Il percorso in Parlamento

21manifestazione_Legge_AbortoLa discussione della legge sull’interruzione volontaria di gravidanza, di fatto, nell’estate del 1976 aveva aperto la VII legislatura, quella che sarebbe passata alla storia per il compromesso storico tra DC e PCI, la “solidarità nazionale” caratterizzata dai tre governi Andreotti e segnata da rapimento e omicidio di Aldo Moro. Alla Camera, presieduta dal comunista Pietro Ingrao, della legge si parla già nell’anno inaugurale, ma il percorso in commissione è lungo e ripetute sono le revisioni dei testi sia alla Camera che al Senato e per l’approvazione finale sarebbe servito un anno e mezzo di legislatura.

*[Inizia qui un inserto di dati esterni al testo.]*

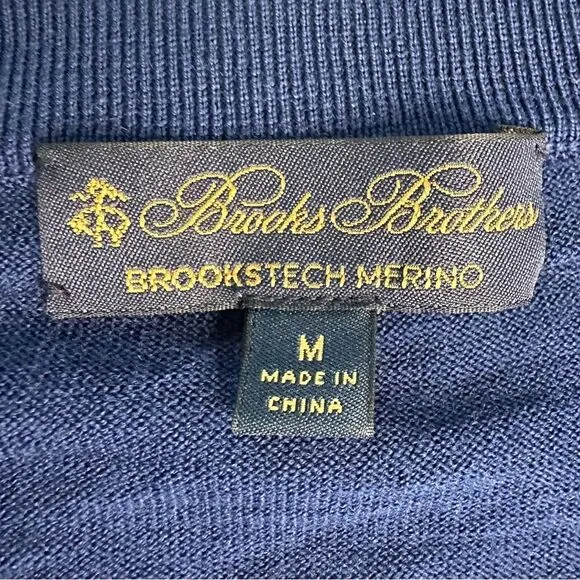 Brooks Brothers Brooktech 100% Merino Wool Sweater, Men’s Medium, Navy Blue, EUC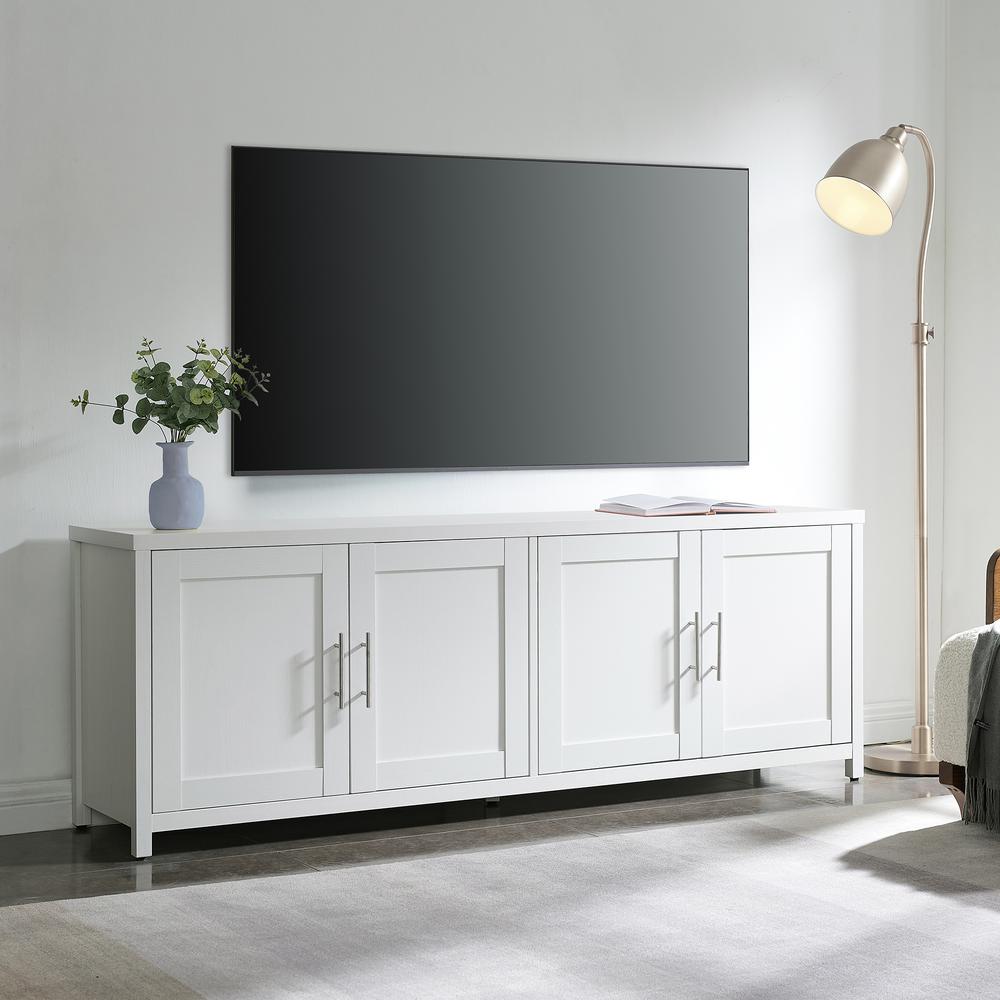 Strahm Rectangular TV Stand for TV's up to 75" in White. Picture 4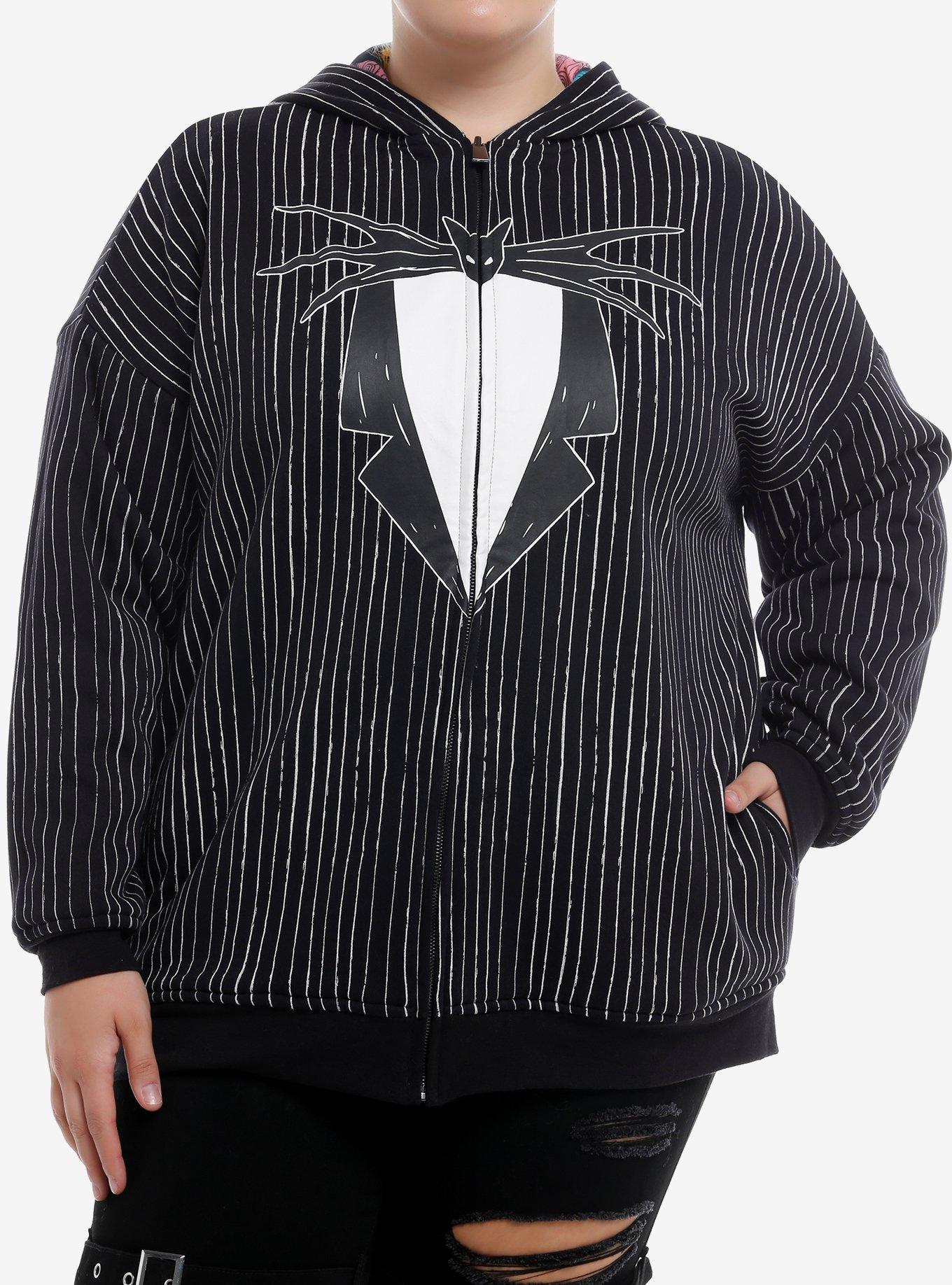 The Nightmare Before Christmas Jack & Sally Girls Reversible Hoodie Plus Size, MULTI, alternate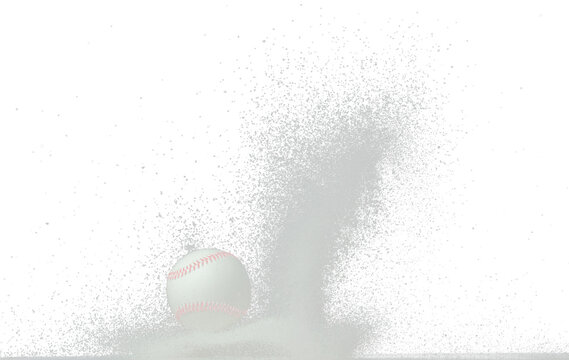 Baseball training practice in middle of snow night. Sport training baseball ball falling down snow, heavy big small size snows. Freeze shot on black background isolated overlay.
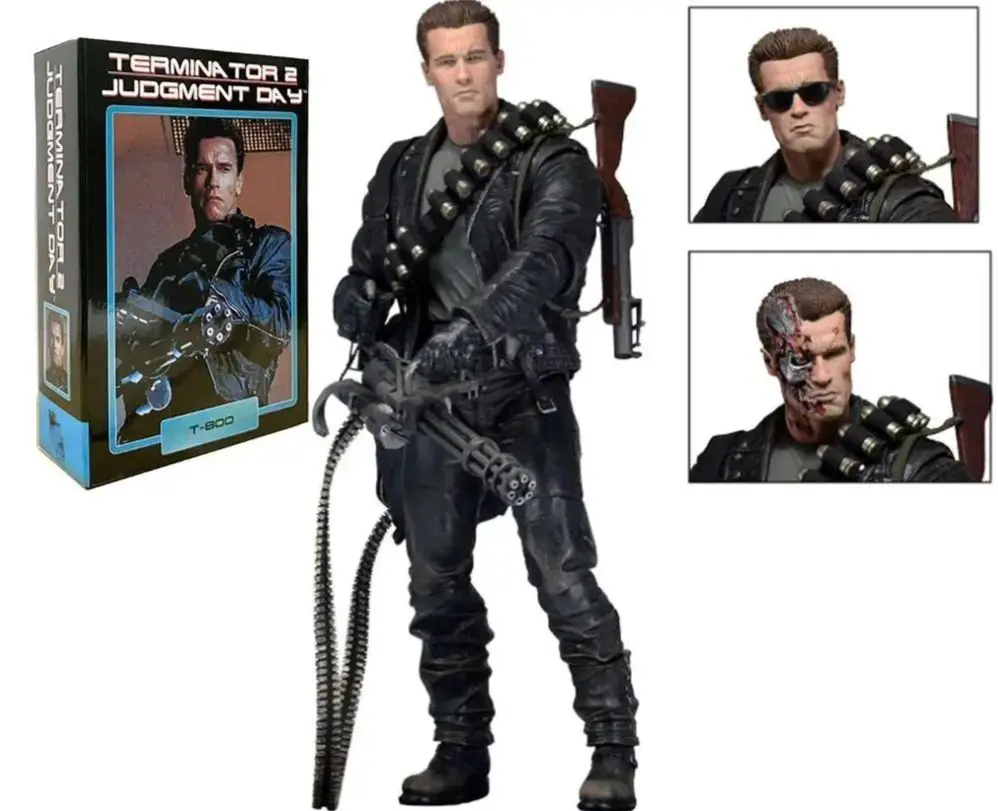 NECA Terminator 2 hari penilaian T-800 7 "koleksi Action Figure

Dopo un primo dibattito tra i partiti e nella società, il disegno di legge fu presentato il 9 giugno 1977: “Norme per la tutela sociale della maternità e sull’interruzione volontaria della gravidanza”; primo firmatario fu il deputato socialista Vincenzo Balzamo; relatori di maggioranza furono Giovanni Berlinguer (PCI) e Antonio Del Pennino (PRI); relatore di minoranza Pino Rauti (MSI) al quale, poche settimane prima del voto finale, si aggiunsero Giuseppe Gargani e Bruno Orsini per la DC.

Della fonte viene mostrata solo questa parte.